McLaren will keep the blown diffuser on its cars for the rest of the German Grand Prix, AUTOSPORT has learned, despite a compromised day of practice on Friday

Plans to get some extensive running of the revised floor, which included exhaust tweaks and improved heat shielding, were scuppered by poor weather conditions and a hefty crash by Lewis Hamilton in the first practice session.

And although that meant neither Hamilton nor Jenson Button were able to make much of an impression on the timesheets in the quicker afternoon session, McLaren still believes the blown diffuser produced enough of a benefit for it to remain on the cars for qualifying and the race.

When asked by AUTOSPORT for his prognosis on the diffuser plans, McLaren team principal Martin Whitmarsh said: "Based on the data we will be running it. The problem with today in a sense is that, with the limited running we had, it was difficult for the driver to go out and say this is the way to go. So you have to rely on data.

"The data that I saw from P1, albeit wet, was that the main peak airflow, the gas flow from the exhaust, temperatures, the performance, and the pressure tapping velocities were what we expected them to be.
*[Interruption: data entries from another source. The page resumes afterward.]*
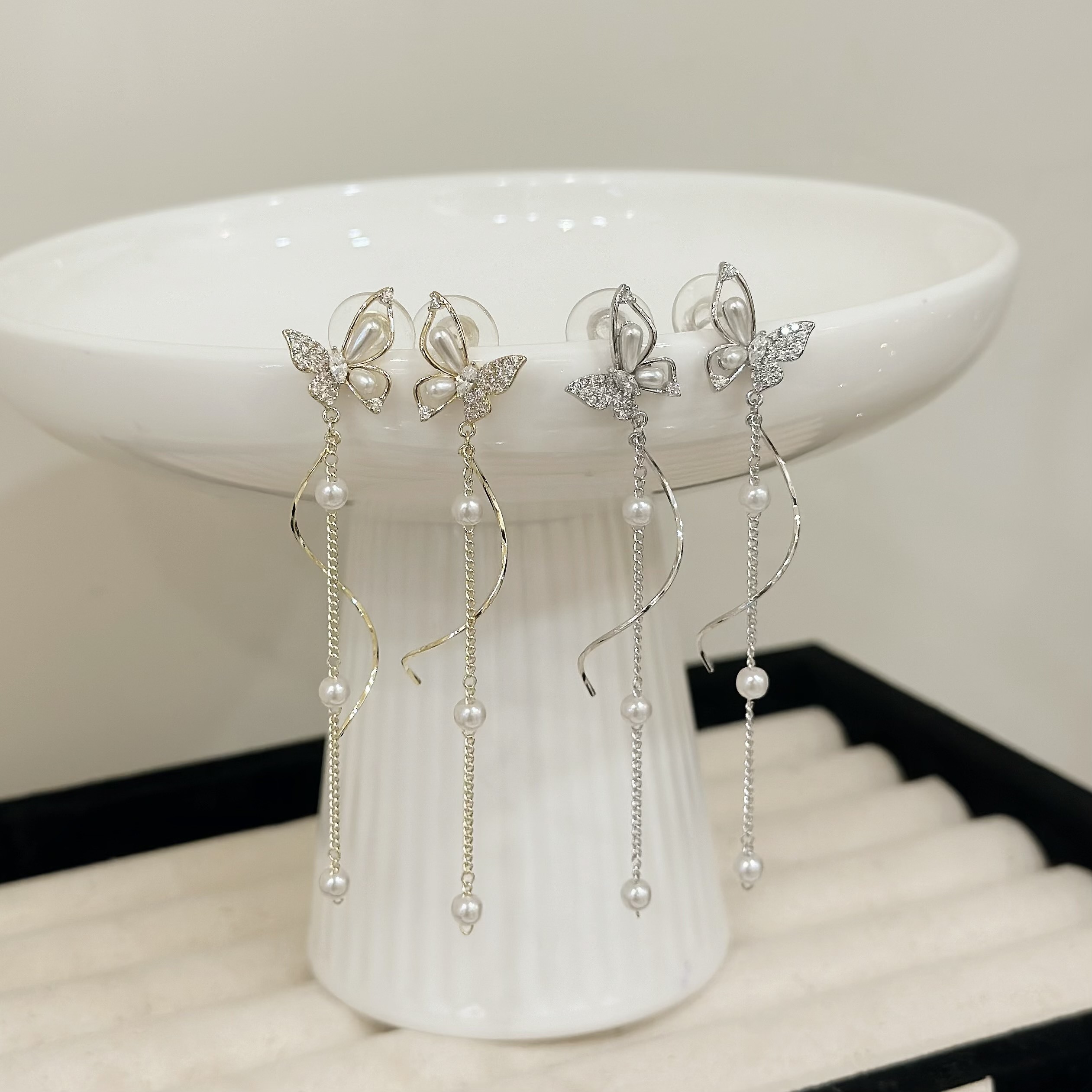 L38排鑽珍珠蝴蝶波浪垂吊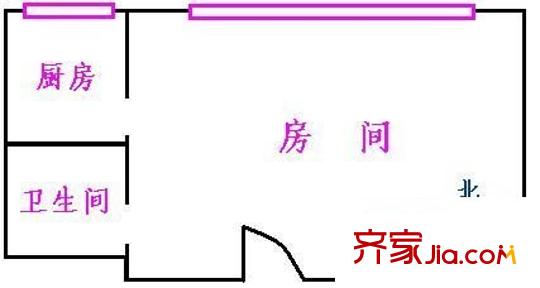 天惠嘉园户型图1室户型图 1室1卫1厨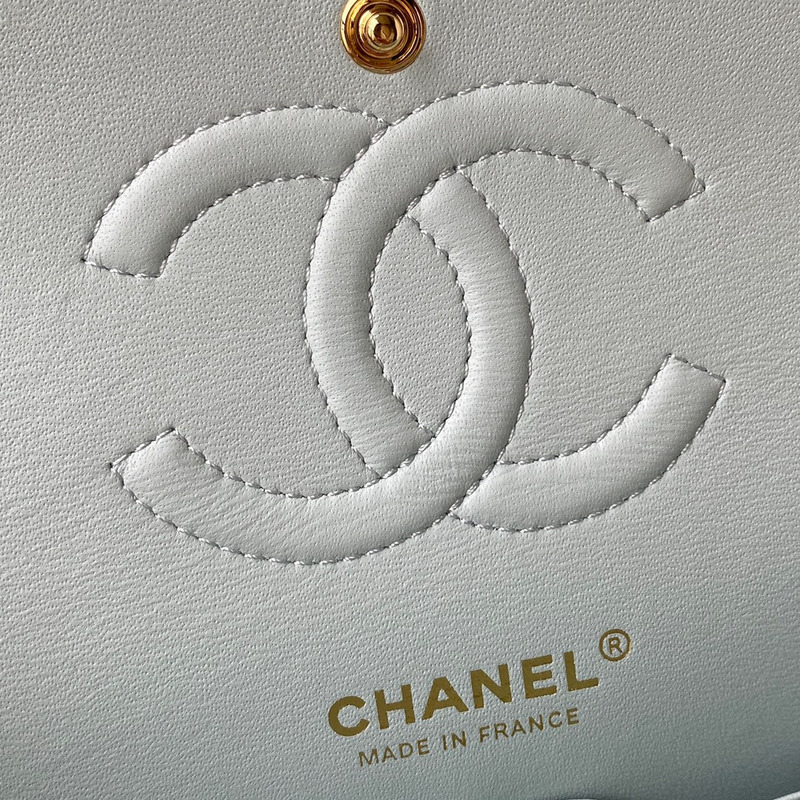 Ch*el classic handbag lambskin and gold-tone mental light blue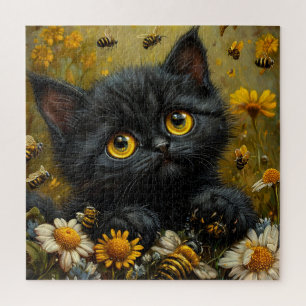 Schattig zwart katje tussen bloemen legpuzzel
"So unless something else has come to fruition, which I don't think it has, we should have the confidence that this floor will do everything we expected it to or most of what we expected it to."

Although Hamilton's crash in P1 meant his running was limited to the final few minutes of the afternoon session, Whitmarsh reckons that the team had actually not lost out too much because of the changeable weather that affected everyone's plans.

He also confirmed that McLaren was able to rebuild Hamilton's car into the exact same specification it had been prior to the crash - despite it having suffered damage to all four corners.

"We lost a little bit, but on the other hand it was a bit of a scrappy day for everyone wasn't it?" said Whitmarsh. "When those things happen, which they do periodically and if they don't then people aren't trying hard enough, then if it is a wonderful dry consistent and progressively slowly improving track you miss out on doing all the homework.

"Jenson did quite a lot of high fuel running in P2, Lewis did not, he would have done, and Lewis did not run an option tyre either.

"And actually I have to congratulate Lewis. He was getting out there late. I was niggling the engineer to say, have a run and then come back and do an option at the end, and it was actually Lewis discipline that said in that limited time I just want to do one run on the prime tyre. He said I know when I put the options on it will be quicker, so I don't need to prove it.

"I spoke to Lewis just now and congratulated it on his discipline because I would probably have tickled him into doing a late run on the option tyre."